Le ministère de l'Éducation a récemment sommé les écoles de ne pas relayer aux parents la facture de tablettes numériques à usage pédagogique. Faut-il saluer son rôle de gardien de la gratuité scolaire ou dénoncer une inconséquence avec ses compressions budgétaires ? En creusant, on constate la gravité du problème : la gratuité scolaire, tout comme le principe d'égalité des chances, est désormais une illusion.

Il faut comprendre que, coupes successives obligent, les écoles publiques peinent à répondre aux besoins essentiels des élèves avec les seuls fonds publics et, qu'aujourd'hui, une direction d'école compétente n'est plus celle qui transmet une vision pédagogique, mais celle qui déniche les moyens financiers pour éviter de priver ses élèves des services de base. Ainsi, autrefois habituées à recourir à des sources de financement parallèles uniquement pour organiser des projets extrascolaires, les écoles se voient progressivement forcées à faire preuve de créativité dans l'exploitation de ces ressources.

Les campagnes de financement dans nos écoles prennent donc une nouvelle tangente : répondre à des besoins éducatifs qui, d'ordinaire, seraient déjà comblés. De plus, pour soutenir directement leur mission, certaines écoles se dotent d'une fondation qui peut offrir des reçus pour dons de charité, effectuer des placements ou encore engranger des revenus de source publicitaire. Enfin, les écoles facturent aux parents de plus en plus de frais qui, théoriquement, doivent couvrir uniquement les « documents dans lesquels l'élève écrit, dessine ou découpe ».

Mais ces frais, à l'instar des recettes provenant des campagnes de financement ou de fondations, pallient désormais les budgets des écoles en étant notamment affectés au matériel didactique ou pédagogique, aux bibliothèques, aux activités culturelles, au réaménagement d'espaces de classe ou de cours d'école, aux programmes particuliers, à la surveillance au secondaire, ou encore à l'achat de romans, de dictionnaires et d'instruments de musique, ce qui normalement devrait être défrayé par l'État.

Et même si, majoritaires dans les conseils d'établissements, les parents adoptent les budgets ainsi financés et approuvent les frais qui leur sont facturés, le principe de la gratuité scolaire se trouve violé.

En effet, la gratuité scolaire n'existe plus du moment qu'il est impossible pour une école publique de remplir sa mission éducative sans solliciter l'appui financier de la communauté, des familles et des parents, directement visés par les campagnes, les fondations et, évidemment, les frais scolaires. Comme d'une région à l'autre, ou d'une école à l'autre, on ne possède pas les mêmes moyens, certaines écoles réussissent à récolter les fonds nécessaires pour se payer le minimum, tandis que d'autres doivent consentir à des sacrifices au détriment des élèves.
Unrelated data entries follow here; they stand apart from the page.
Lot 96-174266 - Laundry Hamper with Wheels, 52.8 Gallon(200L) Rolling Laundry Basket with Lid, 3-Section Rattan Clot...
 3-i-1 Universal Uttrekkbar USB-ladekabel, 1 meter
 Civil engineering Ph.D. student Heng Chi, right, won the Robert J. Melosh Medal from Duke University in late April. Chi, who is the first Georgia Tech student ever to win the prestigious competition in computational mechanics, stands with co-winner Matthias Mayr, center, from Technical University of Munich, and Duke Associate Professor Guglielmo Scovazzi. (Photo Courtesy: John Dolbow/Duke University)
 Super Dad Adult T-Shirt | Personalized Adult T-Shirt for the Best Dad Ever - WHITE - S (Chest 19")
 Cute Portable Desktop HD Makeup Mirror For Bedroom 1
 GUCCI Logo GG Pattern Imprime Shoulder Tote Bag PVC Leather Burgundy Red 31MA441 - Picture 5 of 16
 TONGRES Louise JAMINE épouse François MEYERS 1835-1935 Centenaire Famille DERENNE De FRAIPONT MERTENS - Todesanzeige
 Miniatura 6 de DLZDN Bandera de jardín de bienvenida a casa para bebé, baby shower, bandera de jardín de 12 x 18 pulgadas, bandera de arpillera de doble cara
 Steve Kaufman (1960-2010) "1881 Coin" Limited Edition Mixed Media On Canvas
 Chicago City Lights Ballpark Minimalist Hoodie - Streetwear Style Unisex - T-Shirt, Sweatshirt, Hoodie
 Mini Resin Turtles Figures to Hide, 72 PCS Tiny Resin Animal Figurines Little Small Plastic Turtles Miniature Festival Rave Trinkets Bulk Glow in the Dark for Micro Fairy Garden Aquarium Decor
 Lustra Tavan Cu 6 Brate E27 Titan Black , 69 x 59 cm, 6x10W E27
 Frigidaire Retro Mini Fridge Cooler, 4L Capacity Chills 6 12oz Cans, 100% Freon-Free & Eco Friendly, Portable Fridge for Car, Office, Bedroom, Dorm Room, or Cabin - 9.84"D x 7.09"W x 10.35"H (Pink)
Il ne suffit pas de savoir que nos enfants pourront accéder à l'école, mais, surtout, on doit pouvoir croire qu'ils puissent recevoir une éducation à leur mesure, peu importe l'école fréquentée.

C'est là le principe d'égalité des chances, appuyé par la gratuité scolaire, qui fonde l'école québécoise moderne.

Et si, de bonne foi et dans l'intérêt de leurs élèves, les écoles contournent ce principe en naviguant en zones grises, il appartient bel et bien au Ministère de mettre son holà. Mais il faut être conséquent, et prendre toutes les mesures pour préserver l'égalité des chances, en encadrant mieux le financement des écoles, mais surtout en s'assurant que chacune puisse fournir une éducation qui ne dépend pas des moyens de leur milieu.

Pour ce faire, il n'y a qu'une solution : revaloriser l'éducation et régler le problème de sous-financement chronique - odieusement masqué par les contributions des parents et des communautés - en réinvestissant dans les écoles.

Sinon, accepter le statu quo, c'est admettre que, dans ce nouveau système public à vitesse variable, les moins fortunés n'ont plus le droit à la même éducation que les plus riches.